Le hall d'entrée de l'École secondaire Saint-Sacrement de Terrebonne est situé dans la partie historique de l'édifice, qui est en réalité l'ancien manoir que Sophie Masson, veuve de Joseph Masson, dernier seigneur de Terrebonne, fit construire de 1848 à 1854. Un ouvrage publié sur cet ancien manoir en 1924 montre les deux statues dans leurs niches. Henri Mackenzie Masson, arrière-petit-fils de Joseph et de Sophie, né en 1912, a fait beaucoup de recherche sur les deux statues, tant elles le fascinent. Il affirme avoir toujours entendu parler de ces statues par ses oncles et tantes et par de vieux cousins. Selon lui, les statues occupaient les niches du manoir au moment du décès de son arrière-grand-mère, Sophie Masson, survenu le 30 novembre 1882.

Cette affirmation peut surprendre à cause des multiples péripéties qu'a connues le manoir après le décès de Sophie Masson. En effet, l'édifice fut d'abord légué aux Sœurs de la Providence qui y tinrent un hospice pour personnes âgées (fortunées) de 1884 à 1888. En 1888, les Sœurs rétrocédèrent le manoir à la succession qui le laissa vacant pendant 14 ans. Puis, en 1902, les Pères du Très-Saint-Sacrement l'achetèrent pour le transformer en juvénat.

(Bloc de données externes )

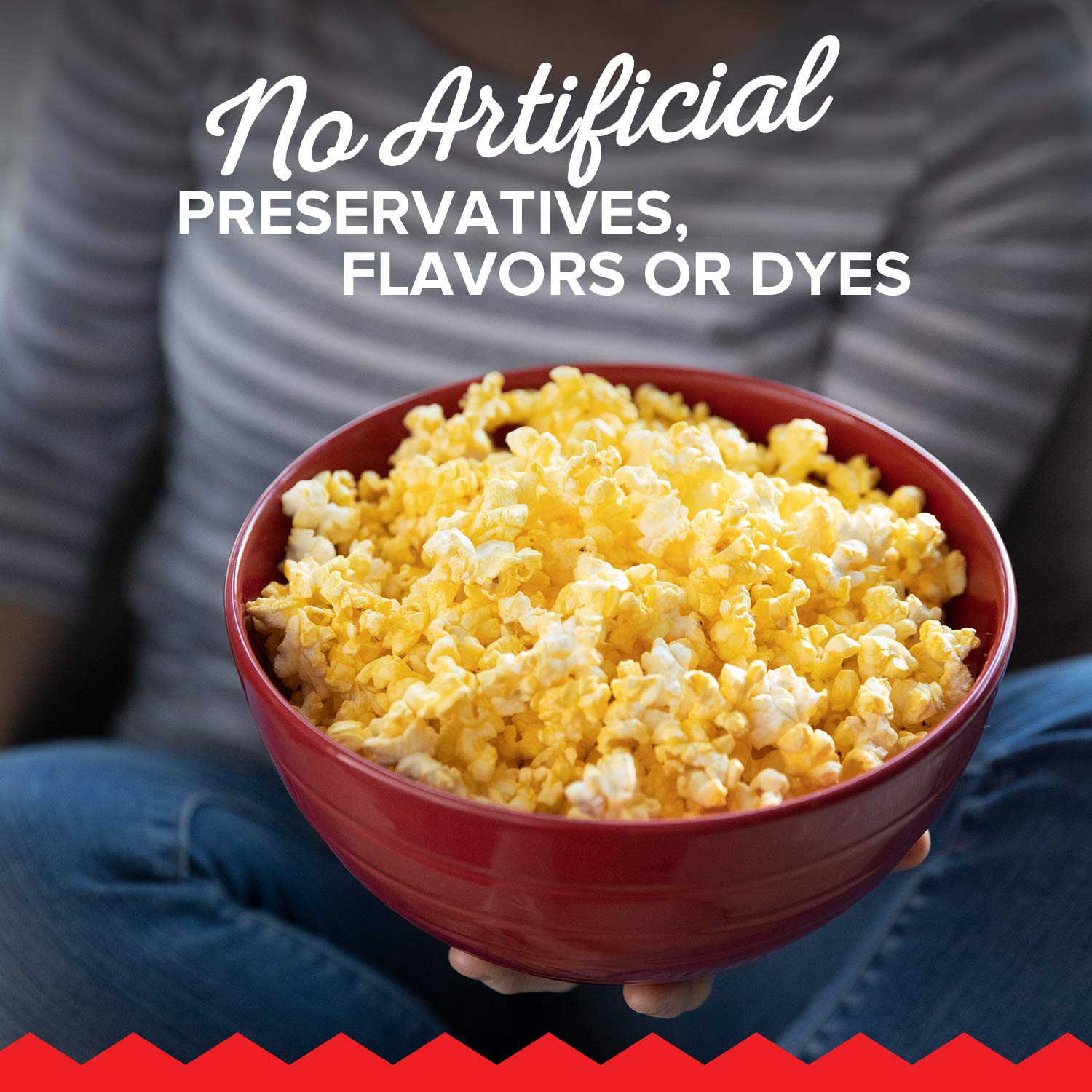 Orville Redenbacher's butter oil complements the popped corn with rich flavor.
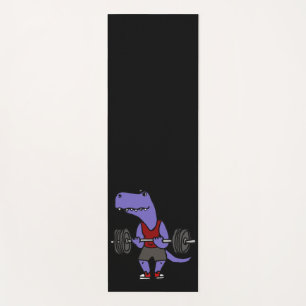 Cute Blue T-rex Dinosaur Weightlifter Yogamat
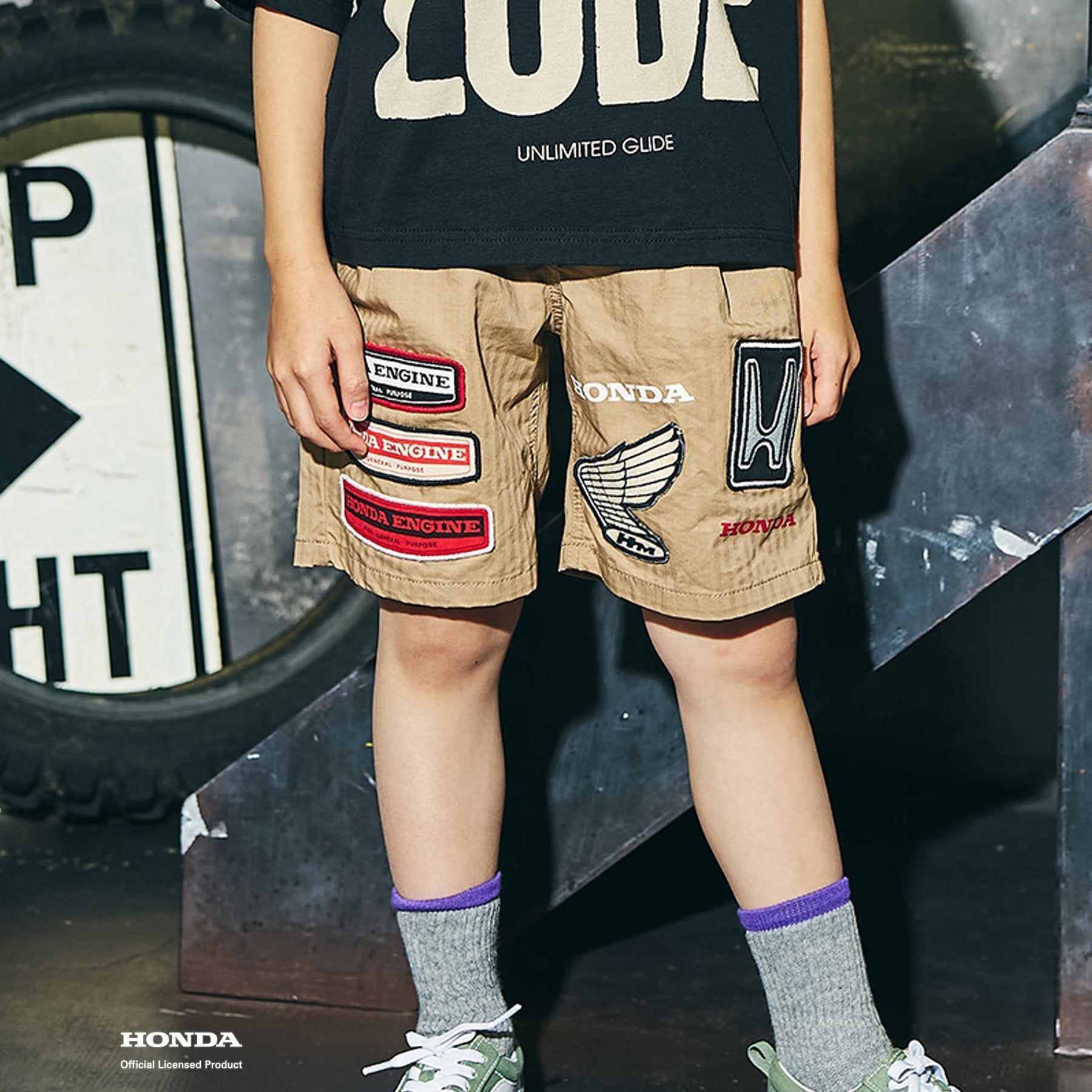 F.O.KIDS×Hondaコラボ_ワッペンハーフパンツ(ベージュ)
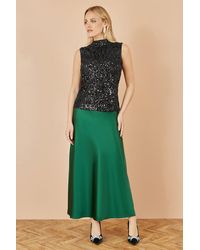 Yumi' - Satin Midi Skirt - Lyst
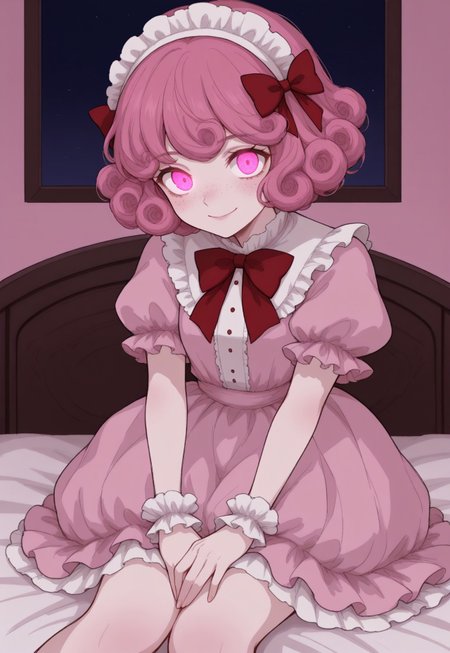 solo, ethereal, detailed, contemplative, 

bedroom, pink walls, wooden furniture,

smile, glowing eyes, sitting on bed, 

1girl, freckles, pink dress, pink_hair, bow, short_sleeves, strawberry humanization, night, glowing_eyes, headdress, short_hair, curly_hair, puffy_short_sleeves, pink_eyes, headdress_bows, red_bow, frills, frilled_cuffs, 

(748cmstyle:1.3), 

masterpiece,best quality,amazing quality, detailed, 
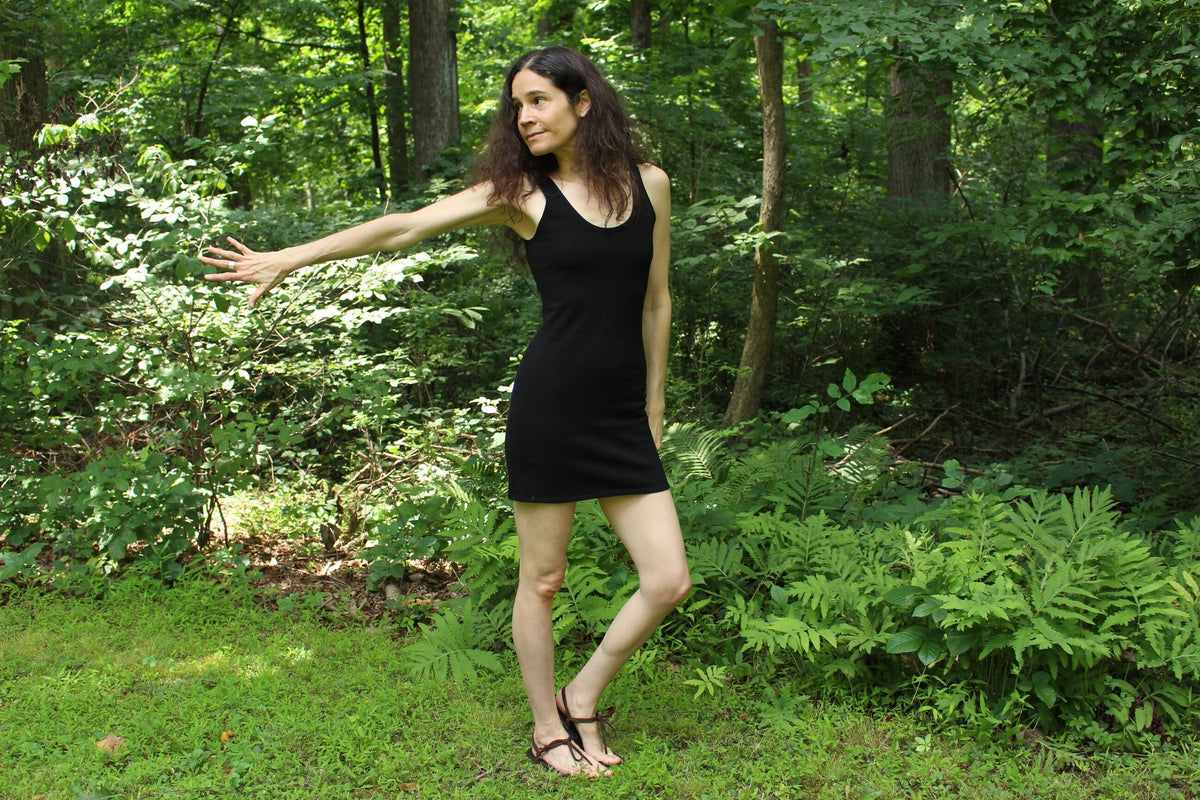 Dina Black Cotton Mini Dress — New York New York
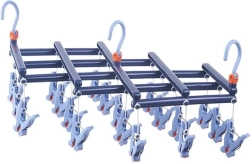 Sklopiva sušilica za rublje s kvačicama, 19 klipsi, tamnoplava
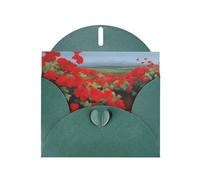Dark Green WHJSHOP Red Geranium Potted Plant Prints Greeting Card - High-End Pearlescent Paper Double Sided Pearl Effect Love Buckle Pearl Paper Envelope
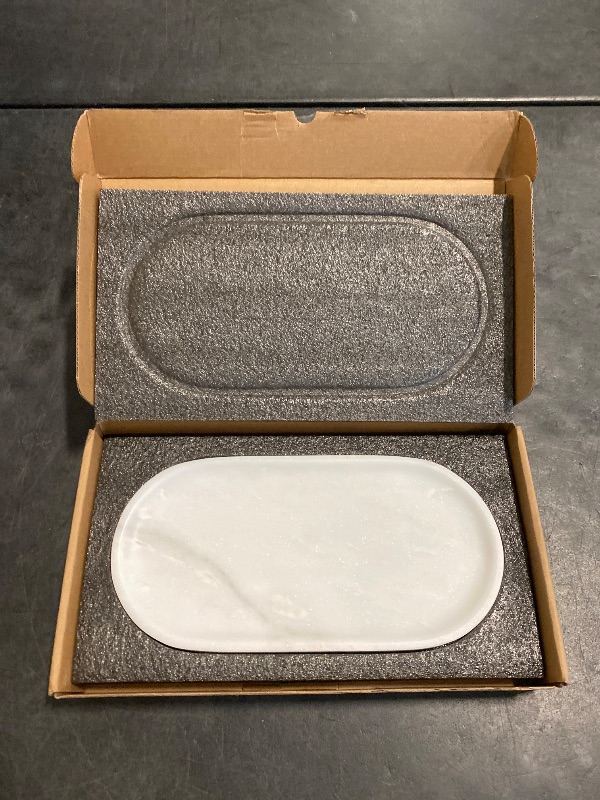 Photo 1 of Koville African Natural Marble Decorative Tray, 12"x6" - Countertop Organizer, Catchall Tray for Perfume, Candles, Jewelry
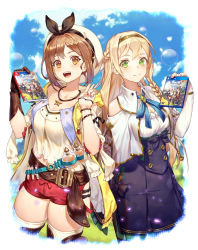Rule 34 | 2girls, :d, atelier (series), atelier ryza, atelier ryza 1, belt, blonde hair, blue nails, blue ribbon, breasts, brown eyes, brown hair, cleavage, commentary request, cover, green eyes, hair ornament, hair ribbon, hairband, hairclip, hat, highres, holding, jewelry, klaudia valentz, long hair, looking at viewer, medium breasts, multiple girls, nail polish, navel, necklace, open mouth, red nails, red shorts, reisalin stout, revision, ribbon, short hair, short shorts, shorts, smile, star (symbol), star necklace, thighhighs, v, video game cover, video game cover (object), w2398510474, white headwear, white legwear, white ribbon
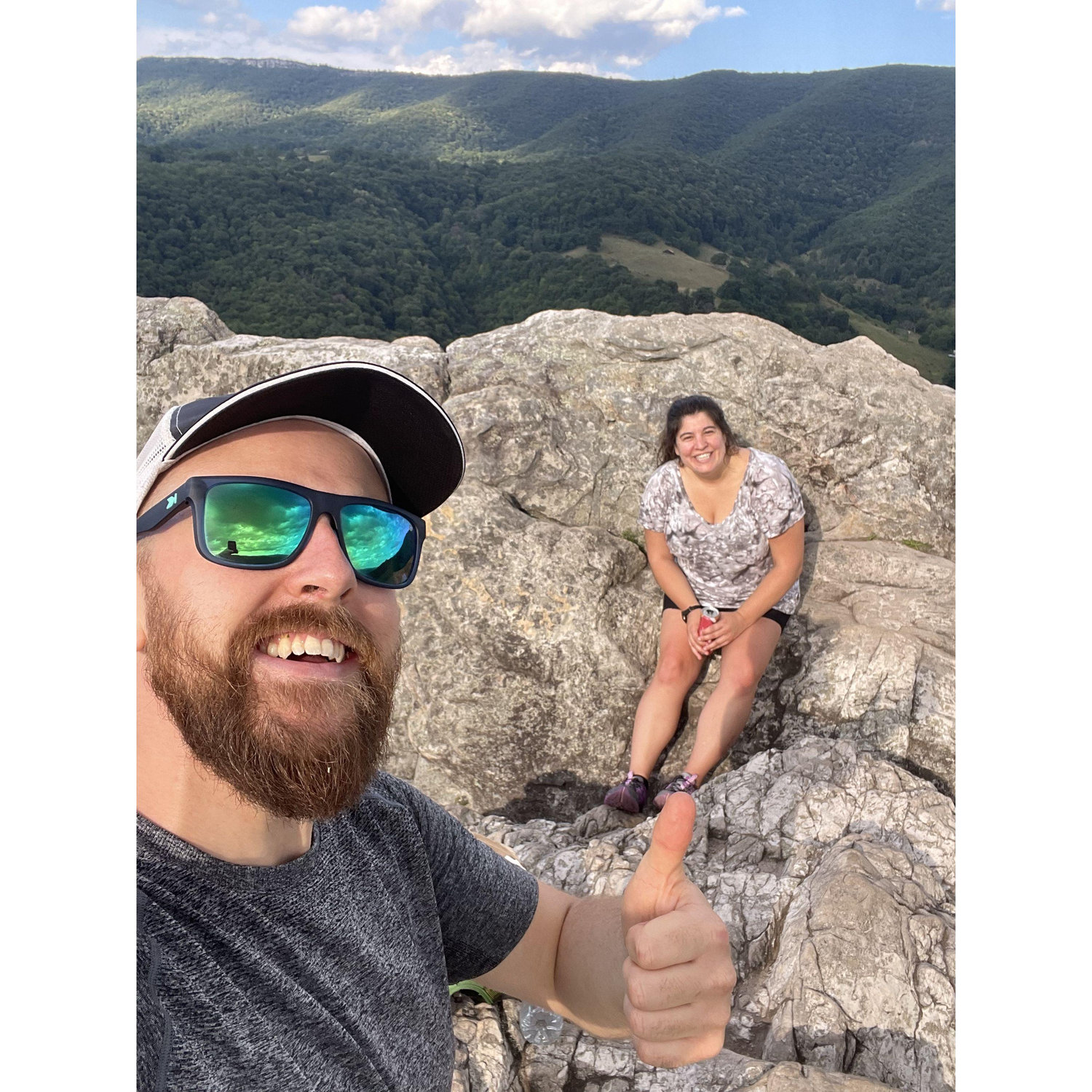 I tricked Juli into climbing some rocks. - Cody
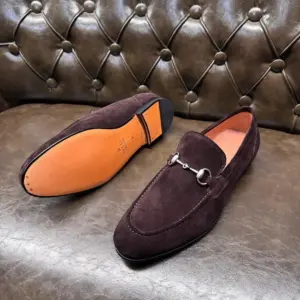 Blue suede loafers, view 3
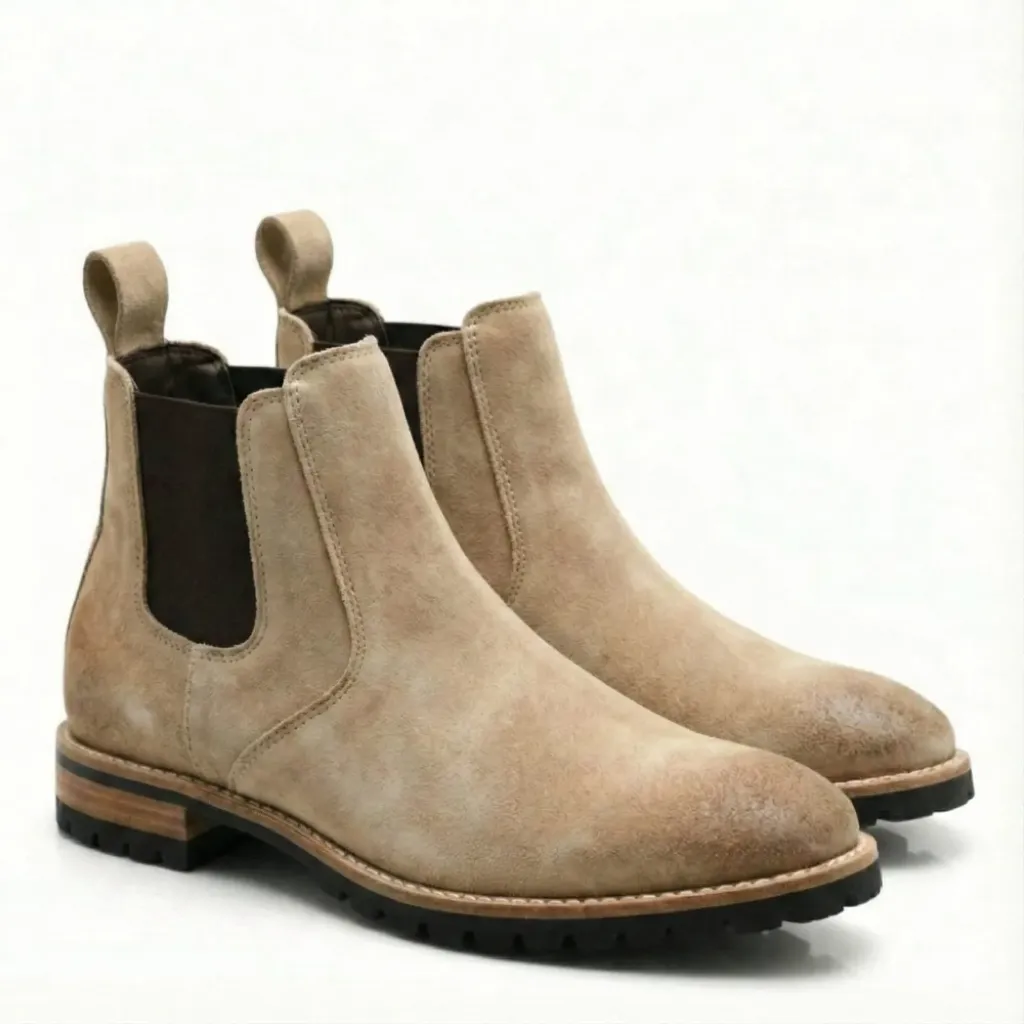Sandstone Suede Chelsea Boots — Handcrafted Finish (US 6 / EU 38 / UK 5)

L'inventaire après décès des biens de la seigneuresse, daté du 30 mars 1883, en vue de la vente de ses biens par les héritiers (enfants et petits-enfants), répertorie «Dans le passage d'entrée» : «Deux statues de chaque côté de la porte». Mais aucune autre information n'est fournie, de telle sorte qu'on peut imaginer tout autant des statues allégoriques, le Printemps et l'Été par exemple. Toutefois, si cette mention s'applique aux statues de saint Jean-Baptiste et de Jacques Cartier, pourquoi celles-ci n'auraient-elles pas trouvé preneur lors de la vente? Les aurait-on considérées d'allure trop artisanale en raison de leurs disproportions anatomiques? C'est l'avis de M. Masson qui les trouve peu jolies, et trop grosses pour un intérieur ordinaire.

Pour sa part, l'archiviste des Sœurs de la Providence soutient que sa communauté n'a pas acquis les statues en 1884-1888, la chronique de l'hospice restant muette à ce sujet. Par là même, nulle mention ne paraîtrait d'un don fait par quelque pensionnaire de l'hospice. À titre d'exemples de pensionnaires, l'ouvrage publié sur l'ancien manoir en 1924 cite «plusieurs membres de la famille Masson, M. Cadieux, le libraire bien connu de Montréal, M. Adolphe Chauvin alors député à la législature provinciale», toutes personnes qui auraient eu les moyens d'être généreuses.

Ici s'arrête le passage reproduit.